What you are asked to do: Please set down the data again exactly, minus the pictures.

Dataset section:
──────────
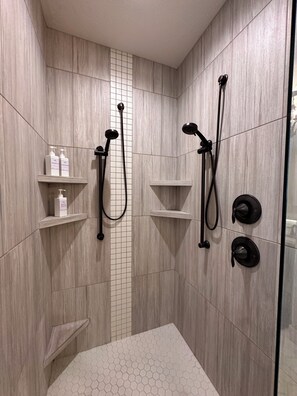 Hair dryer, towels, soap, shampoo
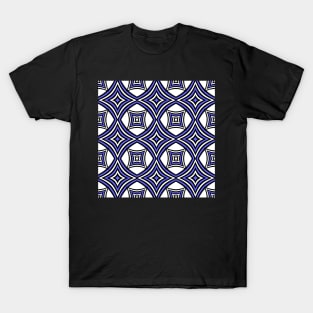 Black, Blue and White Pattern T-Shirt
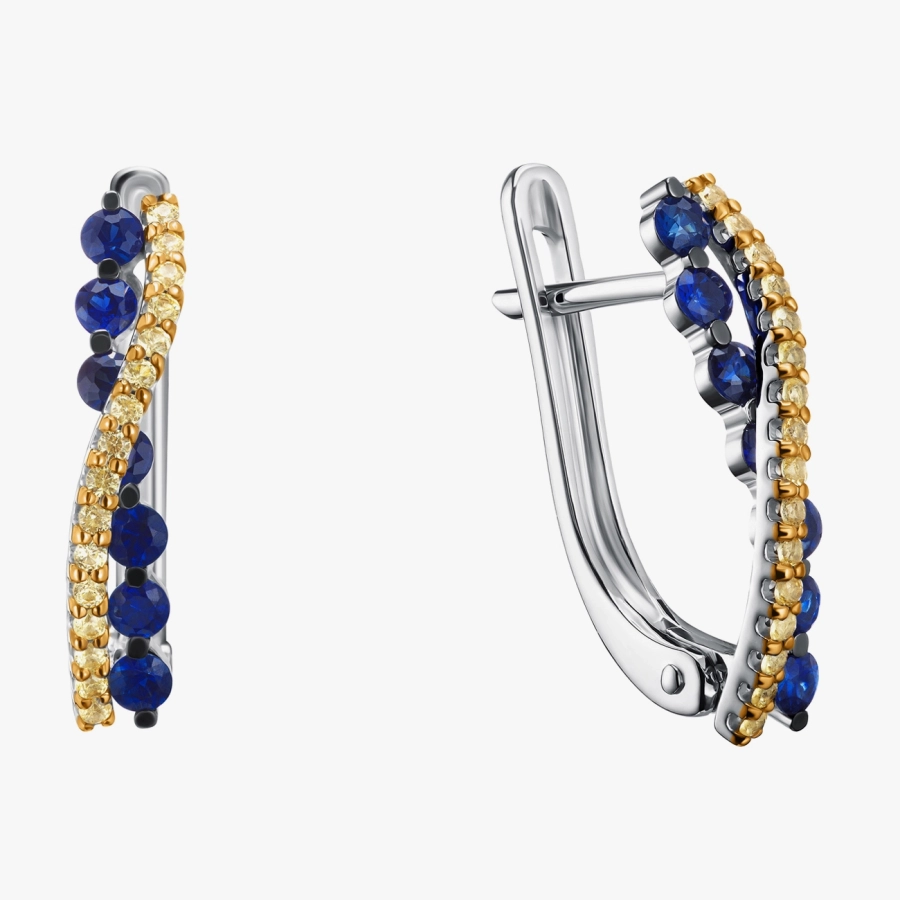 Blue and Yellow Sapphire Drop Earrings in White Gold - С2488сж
──────────
Output for this exercise:
 Hair dryer, towels, soap, shampoo
 Black, Blue and White Pattern T-Shirt
 Blue and Yellow Sapphire Drop Earrings in White Gold - С2488сж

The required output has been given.